**Aim of the exercise**
Copy, word for word, the lines of the listing below from the line with "COURT'S CALLS. Supporters" up to and including the line with "Young woman in". Drop the pictures.
************
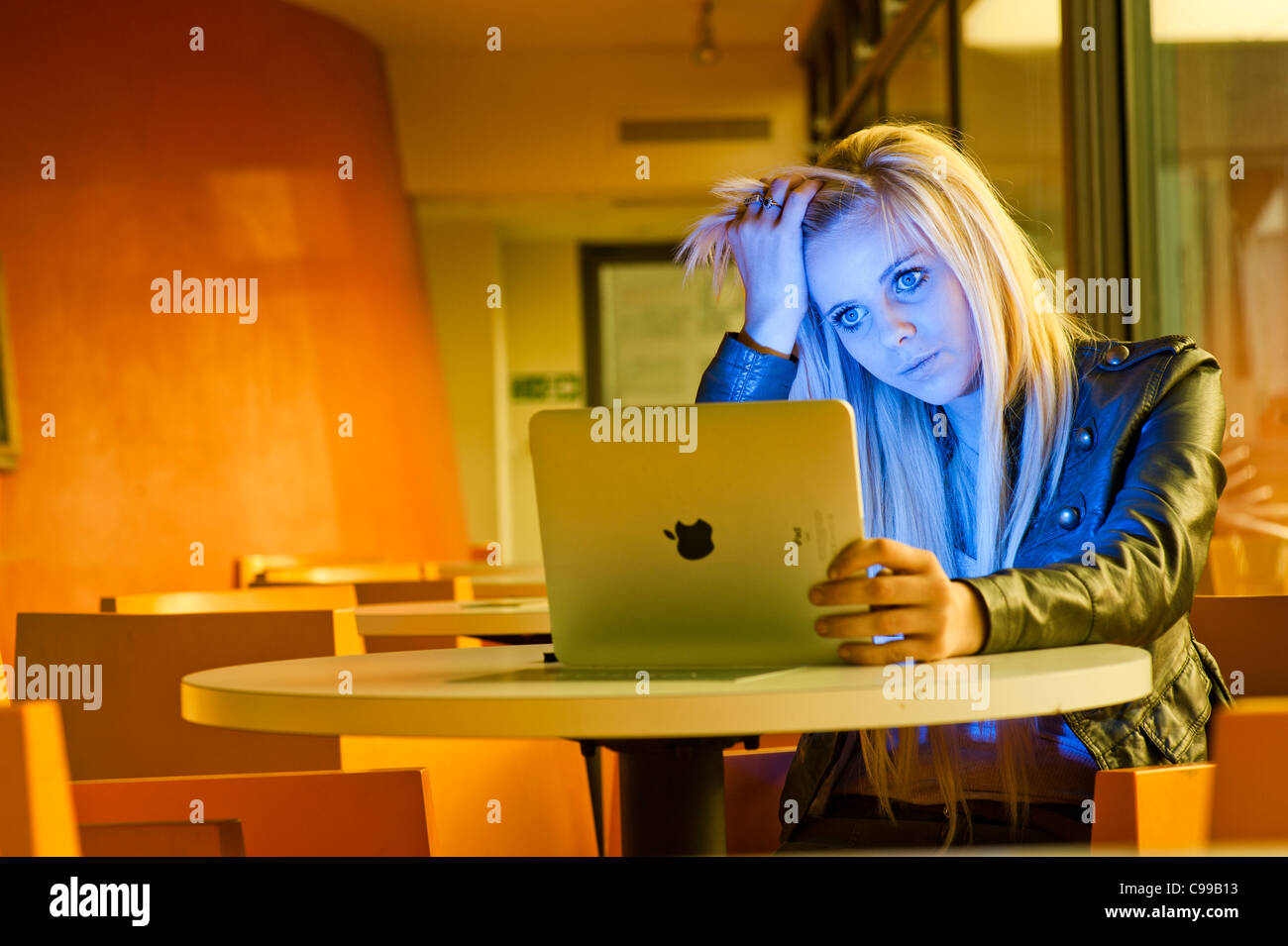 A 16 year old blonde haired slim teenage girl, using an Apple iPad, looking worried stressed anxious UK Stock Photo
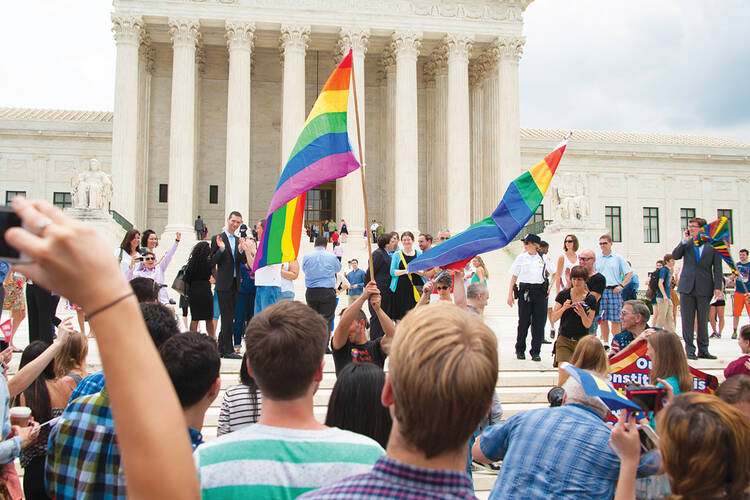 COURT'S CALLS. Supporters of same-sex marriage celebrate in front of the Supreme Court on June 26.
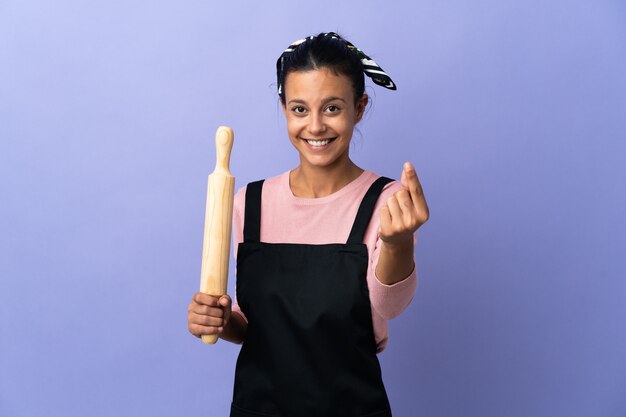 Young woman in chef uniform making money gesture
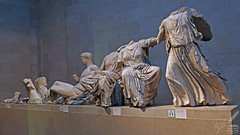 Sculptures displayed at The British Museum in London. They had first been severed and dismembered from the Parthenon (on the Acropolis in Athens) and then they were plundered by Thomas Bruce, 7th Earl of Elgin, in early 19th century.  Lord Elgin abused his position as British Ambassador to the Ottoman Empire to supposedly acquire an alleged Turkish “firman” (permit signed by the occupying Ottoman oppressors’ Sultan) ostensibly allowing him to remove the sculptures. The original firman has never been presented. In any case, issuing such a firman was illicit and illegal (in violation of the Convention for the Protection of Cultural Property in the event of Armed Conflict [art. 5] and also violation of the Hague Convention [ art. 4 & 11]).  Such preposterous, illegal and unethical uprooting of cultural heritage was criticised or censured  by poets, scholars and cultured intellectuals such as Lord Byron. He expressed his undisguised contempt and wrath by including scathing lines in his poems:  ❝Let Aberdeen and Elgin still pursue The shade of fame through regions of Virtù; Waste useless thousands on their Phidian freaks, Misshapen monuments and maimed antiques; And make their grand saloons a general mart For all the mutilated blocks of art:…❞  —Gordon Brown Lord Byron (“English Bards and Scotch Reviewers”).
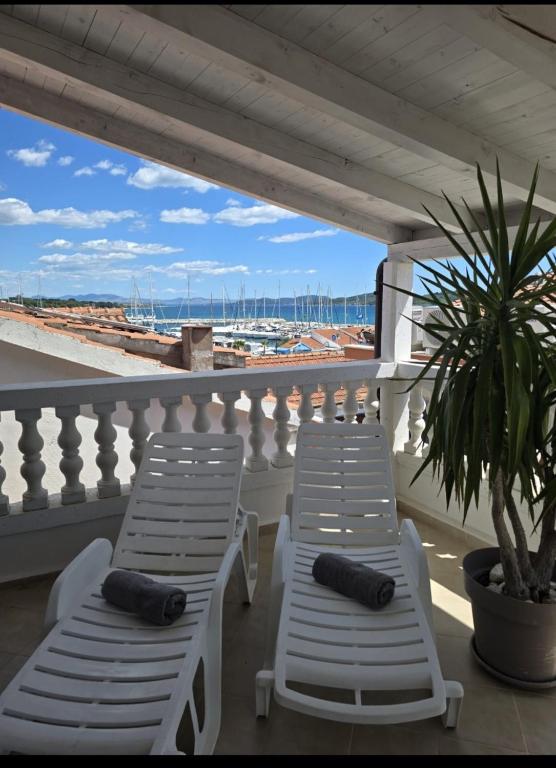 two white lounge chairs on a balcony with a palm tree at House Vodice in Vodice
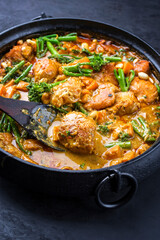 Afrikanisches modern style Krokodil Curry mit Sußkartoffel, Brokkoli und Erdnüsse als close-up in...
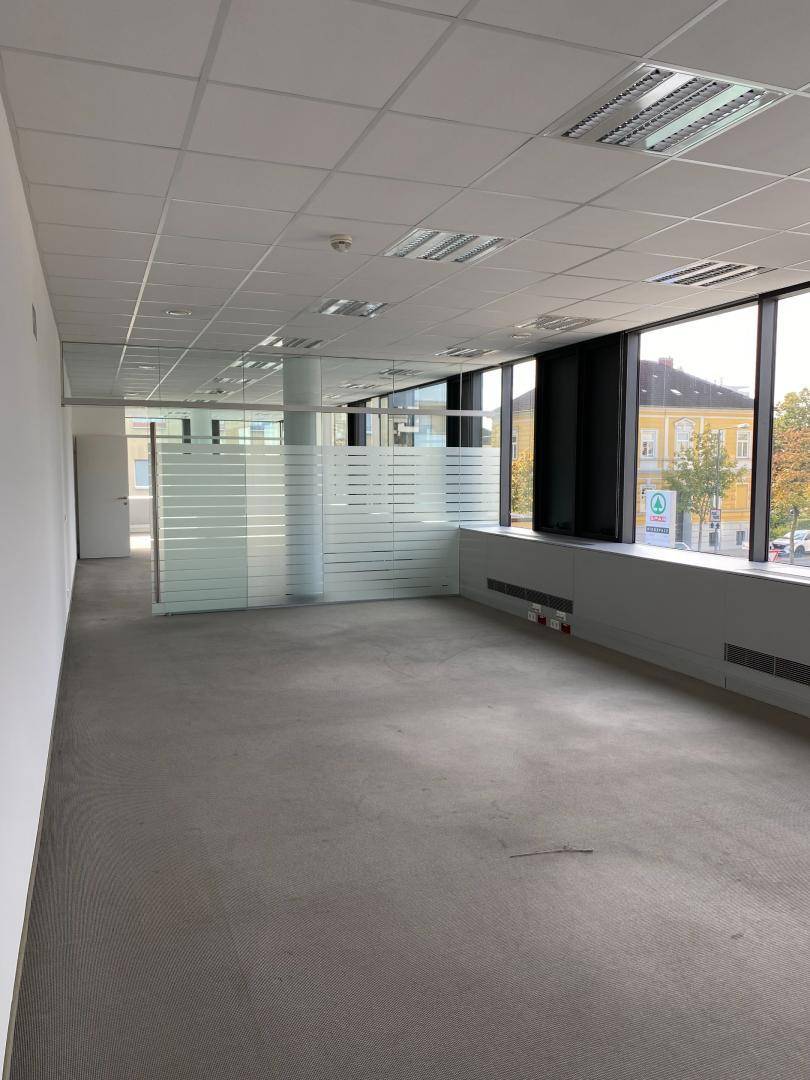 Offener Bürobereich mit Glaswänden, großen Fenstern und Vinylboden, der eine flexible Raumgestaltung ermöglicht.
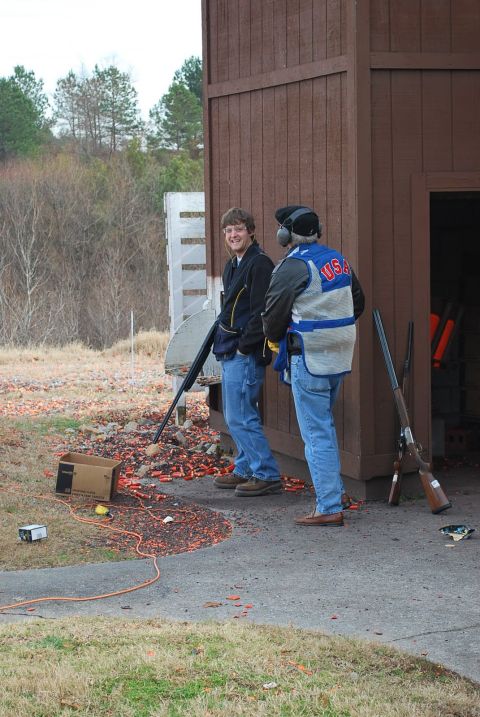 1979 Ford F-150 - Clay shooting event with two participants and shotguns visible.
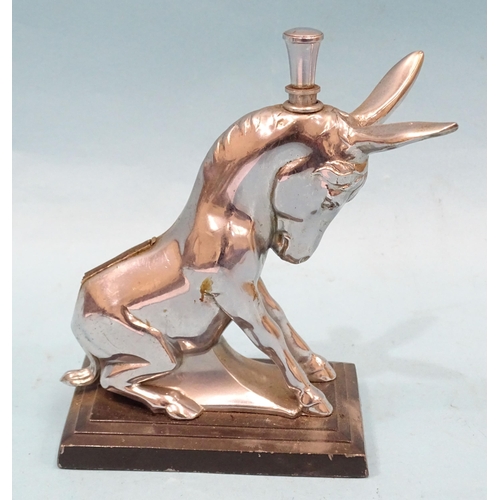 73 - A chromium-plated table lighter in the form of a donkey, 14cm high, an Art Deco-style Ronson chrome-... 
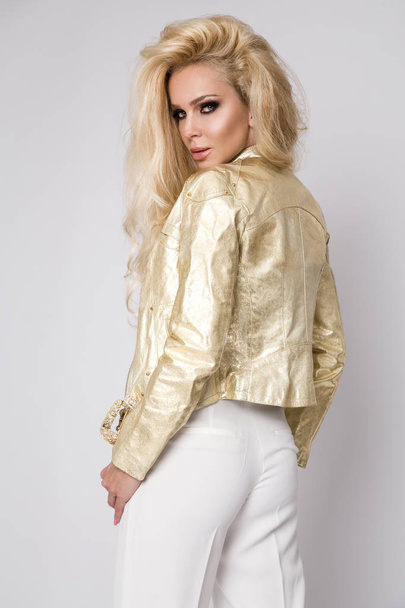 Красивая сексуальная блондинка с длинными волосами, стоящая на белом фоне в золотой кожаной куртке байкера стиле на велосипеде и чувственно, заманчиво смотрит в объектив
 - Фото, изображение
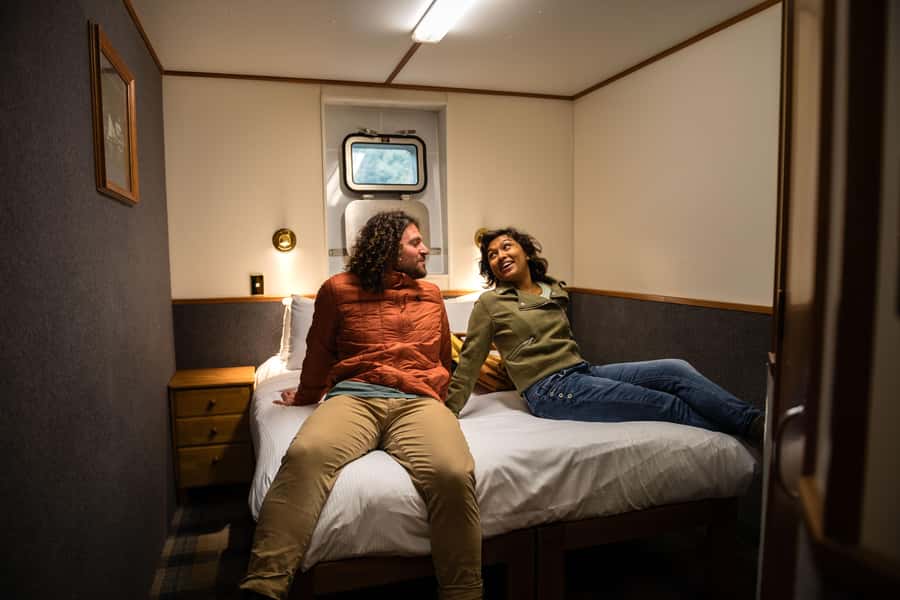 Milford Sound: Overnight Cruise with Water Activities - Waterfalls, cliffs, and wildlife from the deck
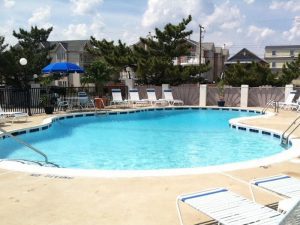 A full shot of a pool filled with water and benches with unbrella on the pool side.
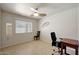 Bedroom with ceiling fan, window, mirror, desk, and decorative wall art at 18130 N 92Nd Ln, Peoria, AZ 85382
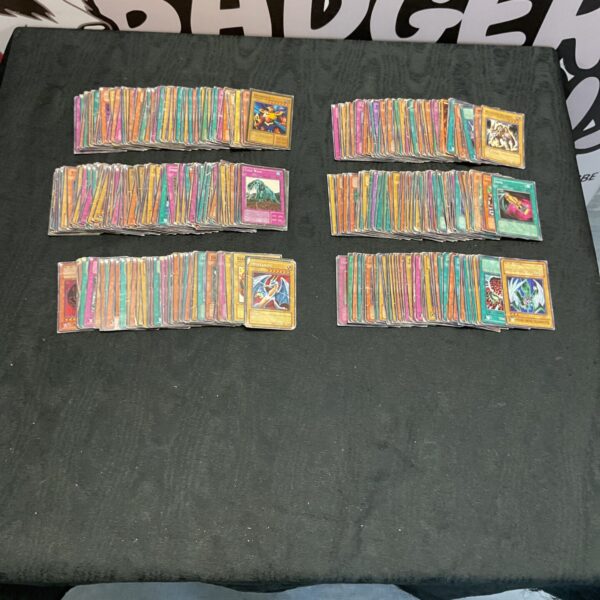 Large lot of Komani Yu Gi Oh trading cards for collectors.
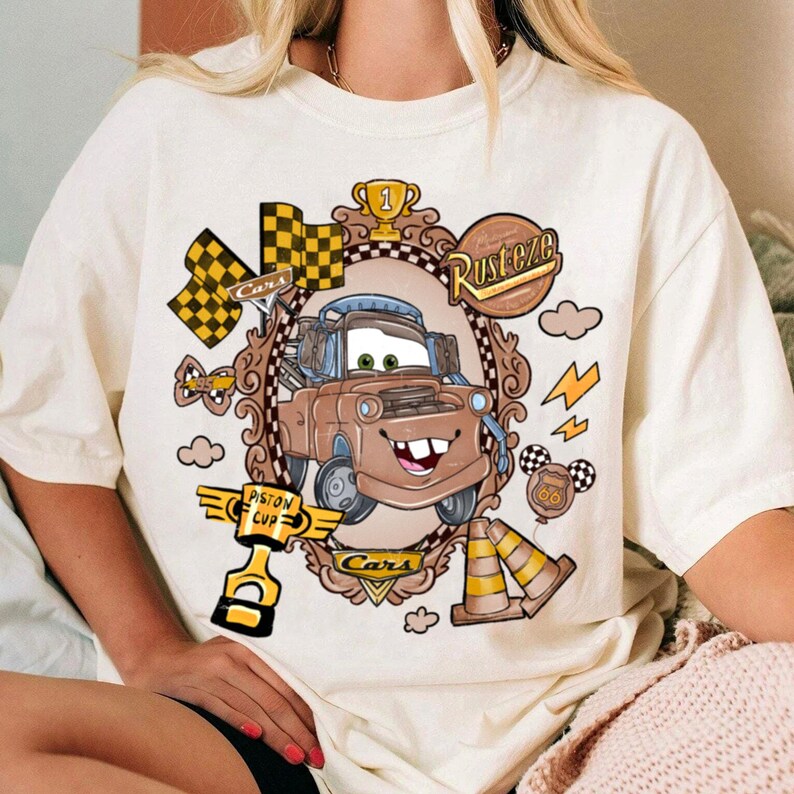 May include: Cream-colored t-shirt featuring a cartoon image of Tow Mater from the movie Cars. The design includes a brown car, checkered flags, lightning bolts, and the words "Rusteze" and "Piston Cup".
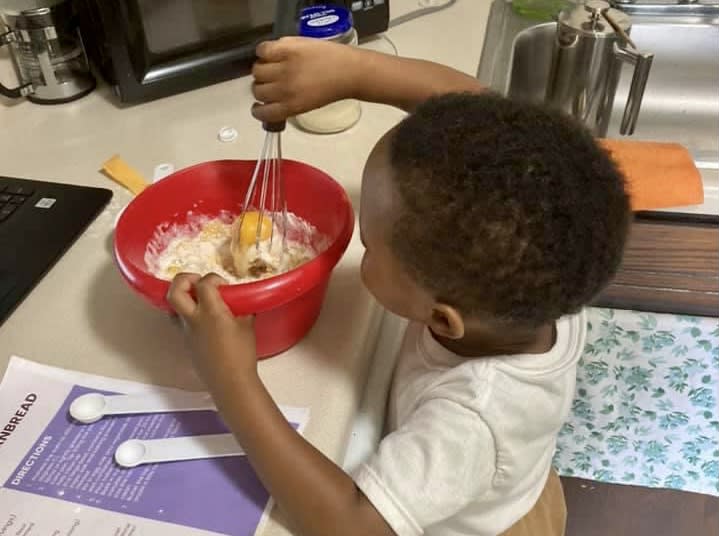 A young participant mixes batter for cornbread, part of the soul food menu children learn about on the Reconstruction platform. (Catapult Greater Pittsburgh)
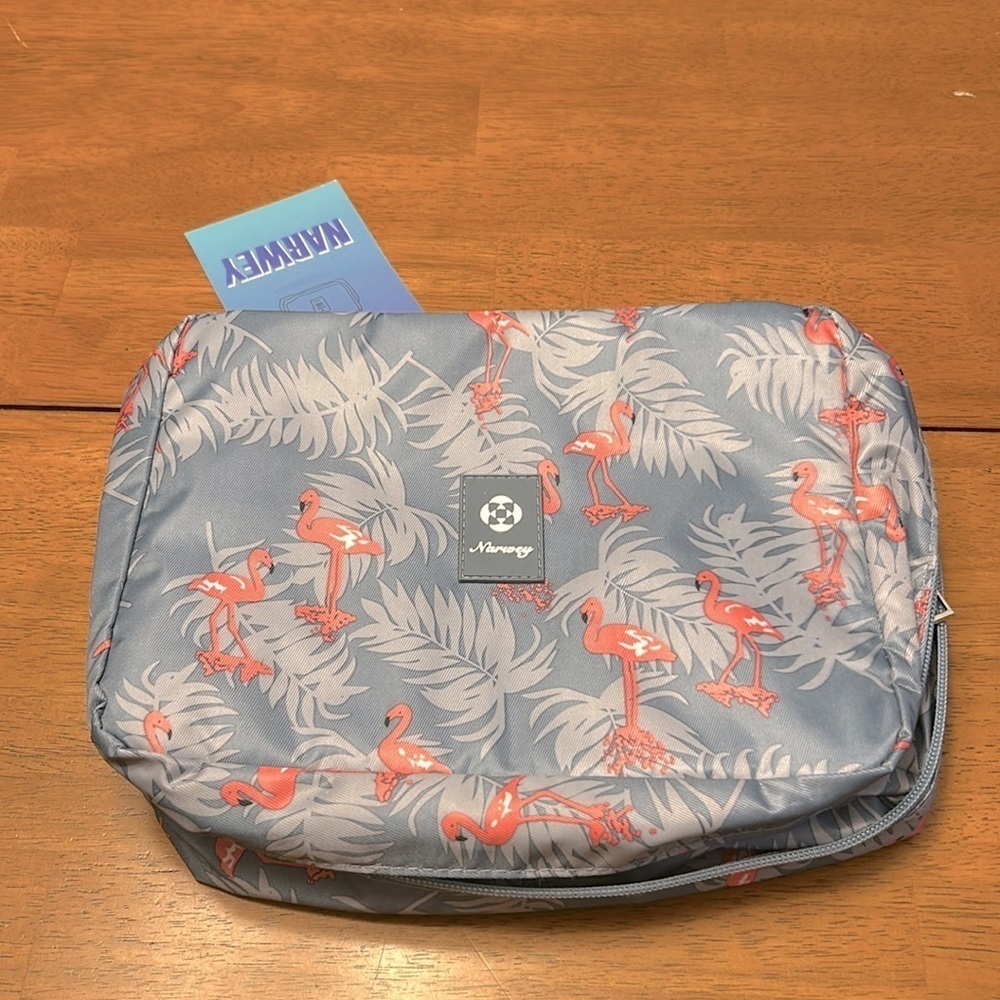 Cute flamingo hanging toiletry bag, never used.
************
**Answer box**
 COURT'S CALLS. Supporters of same-sex marriage celebrate in front of the Supreme Court on June 26.
 Young woman in chef uniform making money gesture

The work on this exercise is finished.